An aside on file systems is probably in order here. Older versions of Windows (such as Windows 95 and Windows 98) used the MS-DOS file system, called FAT-16, and thus inherited many of its properties, such as how file names are constructed. Admittedly, Windows 98 introduced some extensions to FAT-16, leading to FAT-32, but these two are quite similar. Modern versions of Windows all still support the FAT file systems, even though they also have a much more advanced native file system (NTFS) that has different properties (such as file names in Unicode). We will discuss NTFS in Chapter 11. There is also a second file system for Windows, known as ReFS (Resilient File System), but that one is targeted at the server version of Windows. In this chapter, when we refer to the MS-DOS or FAT file systems, we mean FAT-16 and FAT-32 as used on Windows unless specified otherwise. We will discuss the FAT file systems later in this chapter and NTFS in Chapter 12, where we will examine Windows 10 in detail. Incidentally, there is also an even newer FAT-like file system, known as exFAT file system, a Microsoft extension to FAT-32 that is optimized for flash drives and large file systems.

Many operating systems support two-part file names, with the two parts separated by a period, as in prog.c. The part following the period is called the file extension and usually indicates something about the file. In MS-DOS, for example, file names were 1–8 characters, plus an optional extension of 1–3 characters. In UNIX, the size of the extension, if any, is up to the user, and a file may even have two or more extensions, as in homepage.html.zip, where .html indicates a Web page in HTML and .zip indicates that the file (homepage.html) has been compressed using the zip program. Some of the more common file extensions and their meanings are shown in Fig. 4-1.

Figure 4-1

ExtensionMeaning
.bakBackup file
.cC source program
.gifCompuserve Graphical Interchange Format image
.htmlWorld Wide Web HyperText Markup Language document
.jpgStill picture encoded with the JPEG standard
.mp3Music encoded in MPEG layer 3 audio format
.mpgMovie encoded with the MPEG standard
.oObject file (compiler output, not yet linked)
.pdfPortable Document Format file
.psPostScript file
.texInput for the TEX formatting program
.txtGeneral text file
.zipCompressed archive

Some typical file extensions.

In some systems (e.g., all flavors of UNIX), file extensions are just conventions and are not enforced by the operating system. A file named file.txt might be some kind of text file, but that name is more to remind the owner than to convey any actual information to the computer. On the other hand, a C compiler may actually insist that files it is to compile end in .c, and it may refuse to compile them if they do not. However, the operating system does not care.

Conventions like this are especially useful when the same program can handle several different kinds of files. The C compiler, for example, can be given a list of several files to compile and link together, some of them C files and some of them assembly-language files. The extension then becomes essential for the compiler to tell which are C files, which are assembly files, and which are other files.
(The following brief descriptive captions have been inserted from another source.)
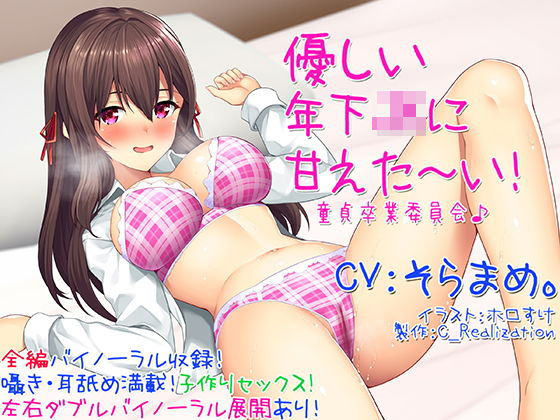 「JK」 【囁き耳舐め】優しい年下JKに甘えた〜い！童貞卒業委員会♪【...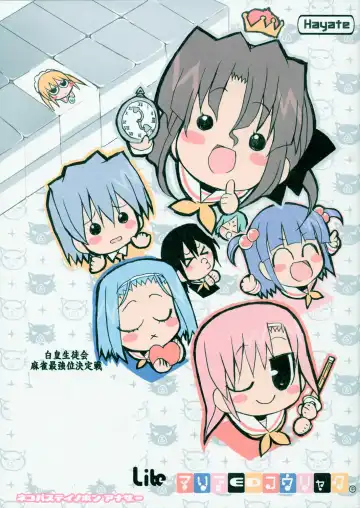 [Shaa] THE Hayate DE Pon! Lite - Fhentai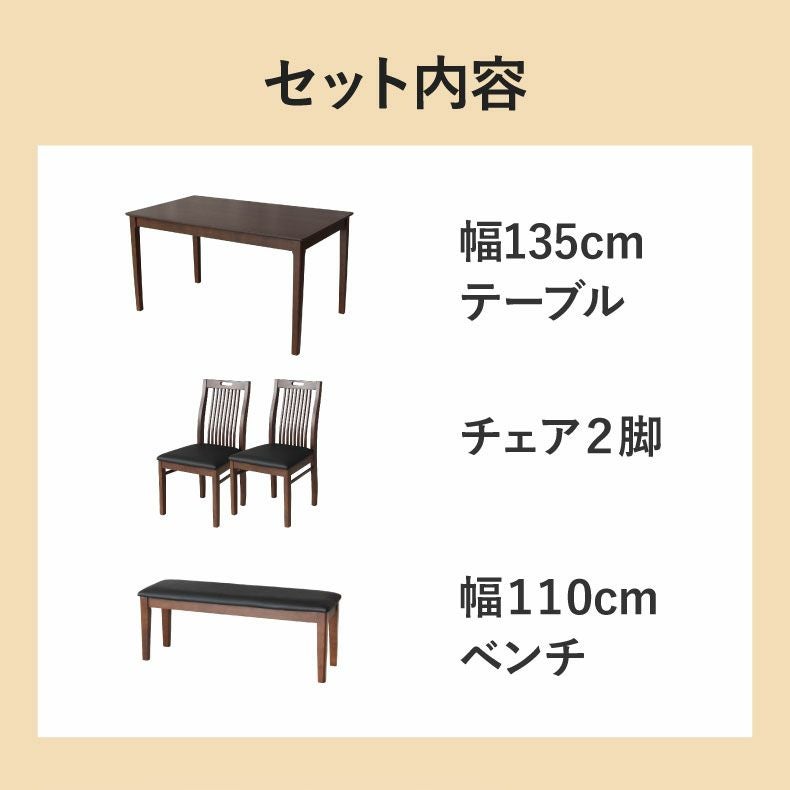 ダイニングテーブルセット4人用 | 4人用 幅135cm 食堂4点セット ブルーノ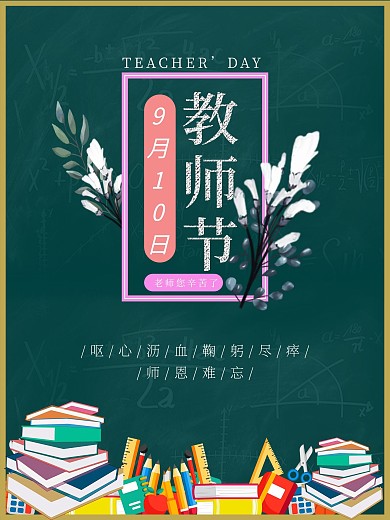感恩老师祝福语教师节海报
In contrast, Windows is aware of the extensions and assigns meaning to them. Users (or processes) can register extensions with the operating system and specify for each one which program ‘‘owns’’ that extension. When a user double clicks on a file name, the program assigned to its file extension is launched with the file as parameter. For example, double clicking on file.docx starts Microsoft Word with file.docx as the initial file to edit. In contrast, Photoshop will not open file ending in .docx, no matter how often or hard you click on the file name, because it knows that .docx files are not image files.

4.1.2 File Structure

Files can be structured in any of several ways. Three common possibilities are depicted in Fig. 4-2. The file in Fig. 4-2(a) is an unstructured sequence of bytes. In effect, the operating system does not know or care what is in the file. All it sees are bytes. Any meaning must be imposed by user-level programs. Both UNIX and Windows use this approach.

Figure 4-2

The figure consists of three parts labeled (a), (b), and (c) that illustrate three kinds of files: Byte sequence, Record sequence, and Tree.

Three kinds of files. (a) Byte sequence. (b) Record sequence. (c) Tree.

Having the operating system regard files as nothing more than byte sequences provides the maximum amount of flexibility. User programs can put anything they want in their files and name them any way that they find convenient. The operating system does not help, but it also does not get in the way. For users who want to do unusual things, the latter can be very important. All versions of UNIX (including Linux and MacOS) as well as Windows use this file model. It is worth noting that in this chapter when we talk about UNIX the text usually applies MacOS (which was based on Berkeley UNIX) and Linux (which was carefully designed to be compatible with UNIX).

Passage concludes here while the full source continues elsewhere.